Task to complete:
Nothing in the entries may differ when you return them.
---
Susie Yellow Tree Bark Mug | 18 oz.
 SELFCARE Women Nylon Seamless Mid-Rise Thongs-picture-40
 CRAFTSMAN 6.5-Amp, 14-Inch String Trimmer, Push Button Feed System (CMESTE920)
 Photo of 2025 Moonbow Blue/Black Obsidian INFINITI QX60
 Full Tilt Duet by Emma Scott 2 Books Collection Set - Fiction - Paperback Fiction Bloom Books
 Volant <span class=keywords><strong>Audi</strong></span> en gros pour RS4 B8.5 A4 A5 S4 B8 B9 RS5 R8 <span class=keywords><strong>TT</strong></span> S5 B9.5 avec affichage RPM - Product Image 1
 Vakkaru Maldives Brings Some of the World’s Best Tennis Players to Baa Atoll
---
Solved exercise:
Susie Yellow Tree Bark Mug | 18 oz.
 SELFCARE Women Nylon Seamless Mid-Rise Thongs-picture-40
 CRAFTSMAN 6.5-Amp, 14-Inch String Trimmer, Push Button Feed System (CMESTE920)
 Photo of 2025 Moonbow Blue/Black Obsidian INFINITI QX60
 Full Tilt Duet by Emma Scott 2 Books Collection Set - Fiction - Paperback Fiction Bloom Books
 Volant <span class=keywords><strong>Audi</strong></span> en gros pour RS4 B8.5 A4 A5 S4 B8 B9 RS5 R8 <span class=keywords><strong>TT</strong></span> S5 B9.5 avec affichage RPM - Product Image 1
 Vakkaru Maldives Brings Some of the World’s Best Tennis Players to Baa Atoll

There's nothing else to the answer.